Creative, competitive, ingenious innovation

Tuesday, 18 October 2011 00:00 -     - {{hitsCtrl.values.hits}}

A process of education should equip young people with the values, knowledge and skills required to lead a fulfilling and productive life. Additionally, a good grounding in the fundamentals of math, science and the English language is essential.

Nations have to move away from the unquestioning mode of rote learning under a guru, which is the model still prevalent in many Asian countries and migrate toward providing capacity to curious and questioning minds which are given the space for independent research and presentation.

Teaching should not be geared merely at preparing students for examinations, teaching students to do well at tests. A process of education should teach you to think, to search out answers, to react to curiosity by searching out solutions to problems which confront you. To do this faster, more effectively than others while at the same time adhering to basic core values which are ingrained into you through the process of education is the challenge. Innovation, creativity, ingenuity and competitiveness are key issues.

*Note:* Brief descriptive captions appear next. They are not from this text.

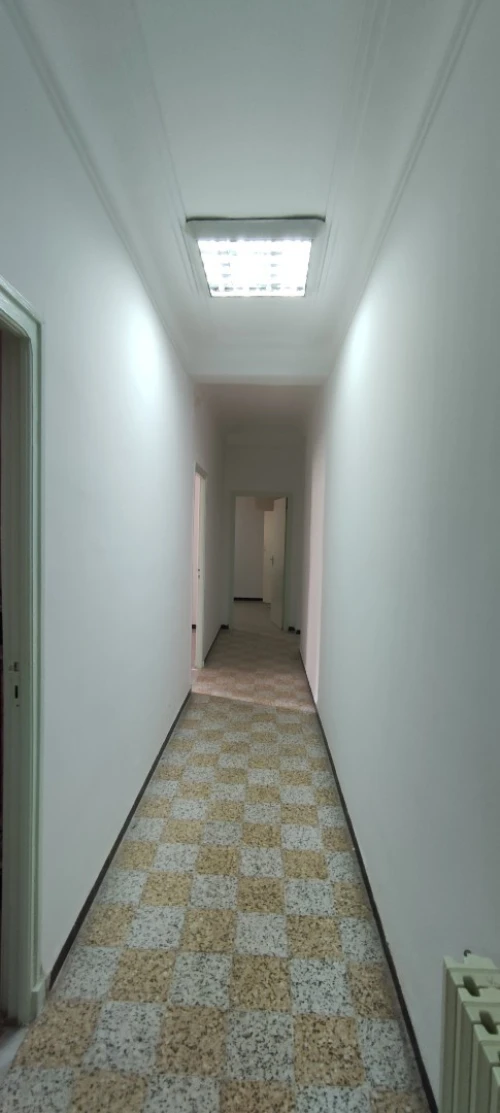 Location Appartement Niveau de villa F7 Alger Bir mourad rais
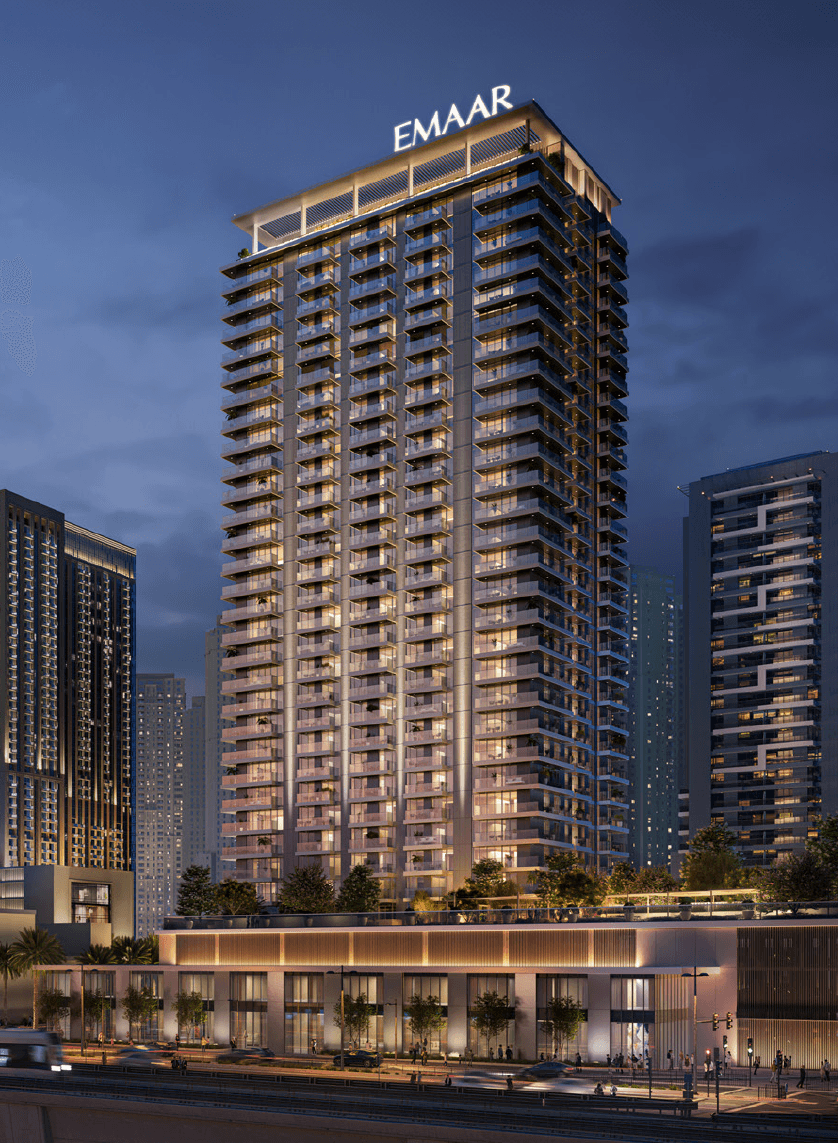 Project Brochure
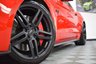USED 2017 67 FORD MUSTANG 5.0 GT 2d 410 BHP 20" VOSSEN'S / XFORGE EXHAUST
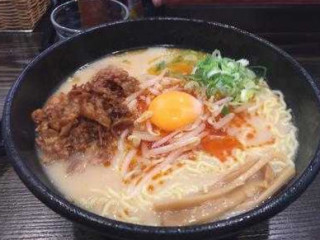 Zhú ちゃんラーメン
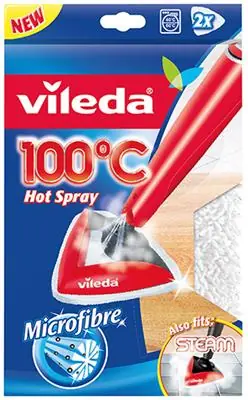 1046491 - VERVANGING VOOR 100°C EN STEAM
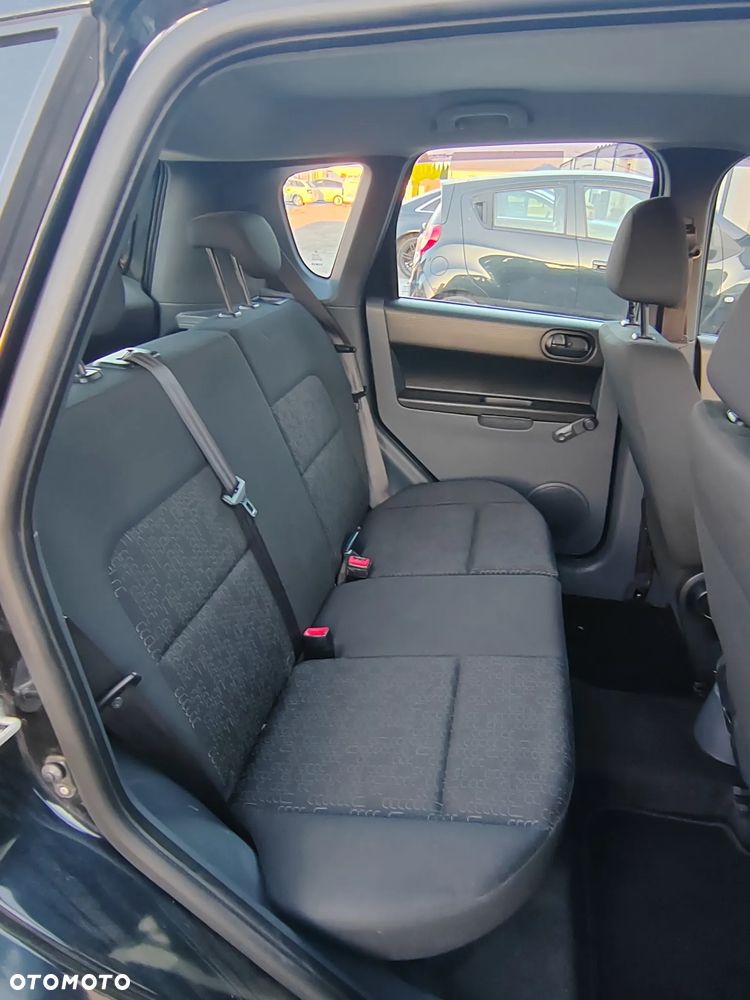 Mitsubishi Colt 1.3 ClearTec Inform - 10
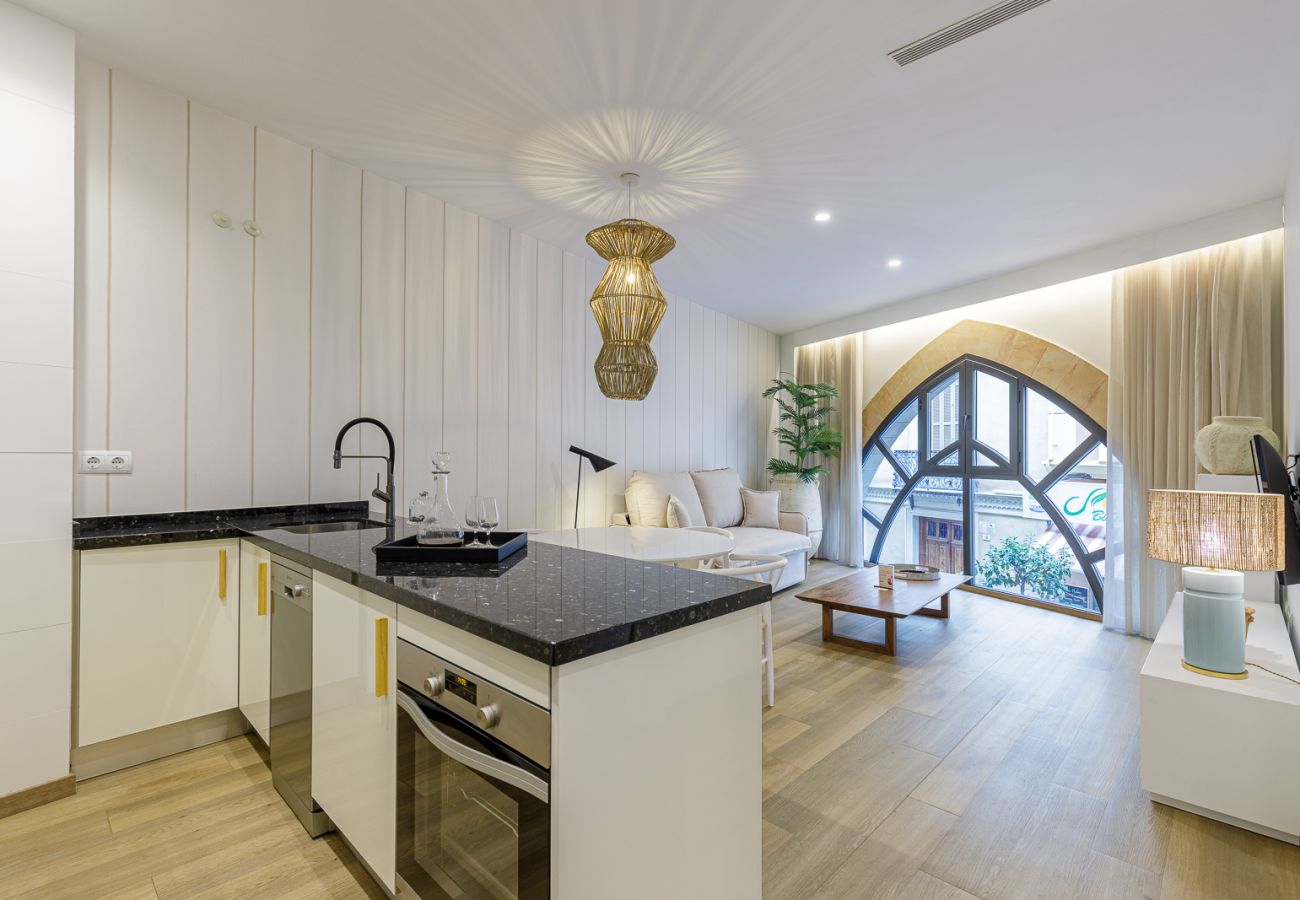 Apartamento en Málaga - Souvirón de Torres I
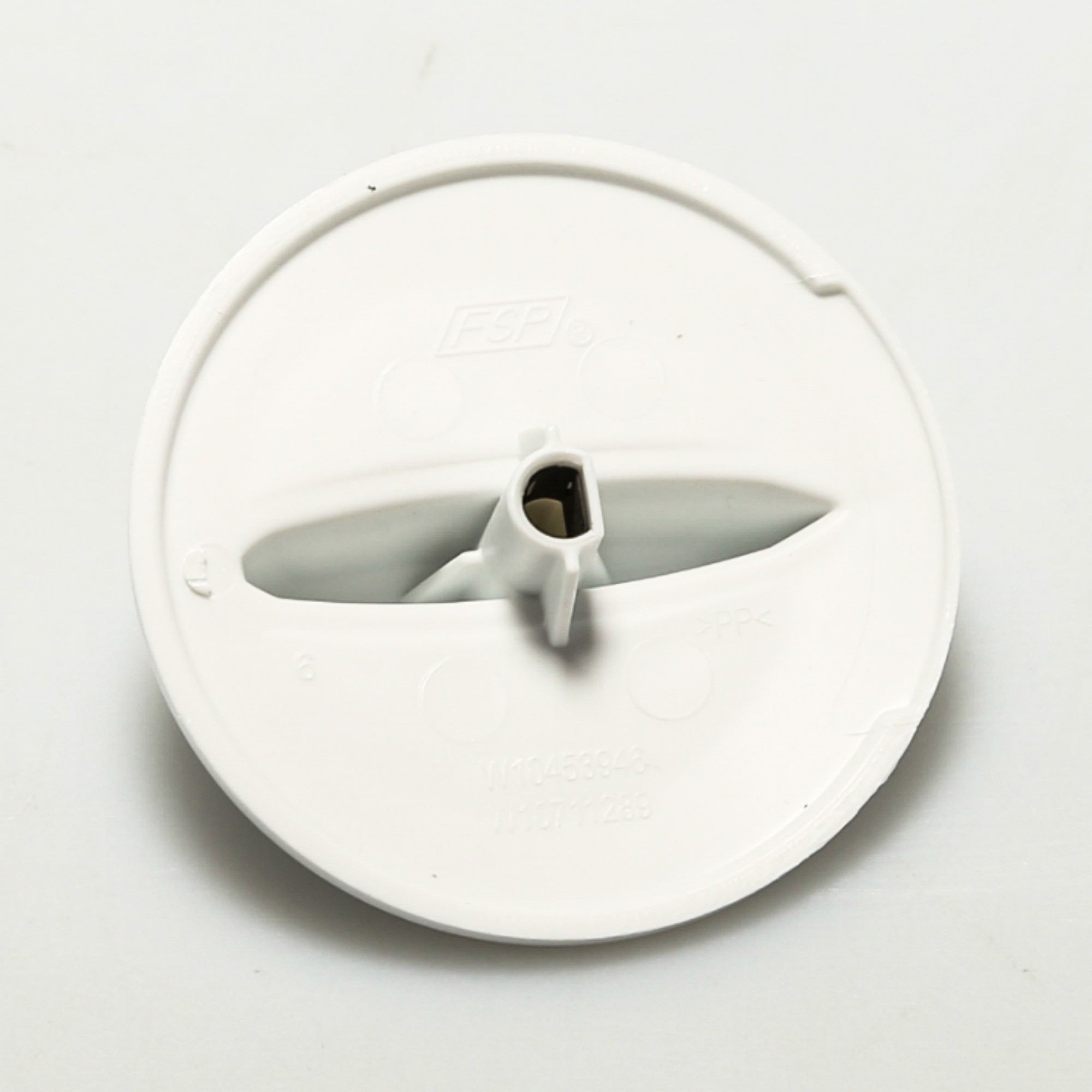 WPW10711289 KNOB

Innovation is the introduction of new things or new ways of doing things. Ingenuity is the skill of invention or contriving, the facility in combining ideas. Creativity is the involvement of the use of skill and the imagination to produce something new. To be competitive is to try to be more successful or better than somebody else who is trying to do the same thing as you are doing.

American system

This, as described very lucidly by Fareed Zakaria in his best seller ‘The Post American World’ is where the American system of education scores. Other nation’s process of educating their young teaches them to take tests and do well at those tests, but the American system teaches students to think. It is this special quality in the American system that explains why America produces so many entrepreneurs, inventors and risk takers.

Training a young mind to respond to stereotype questions at tests and achieve a high mark naturally makes the student risk averse. The ‘correct’ answer, the ‘correct’ response, the solution the examiner anticipates, for which the student will be rewarded, has been drilled into the students head so intensively at schools, tutories and crammers, that students are conditioned to be risk averse. The students in their pursuit for high marks do not supply the answers that they think and intelligently work out, but respond the way they have been coached.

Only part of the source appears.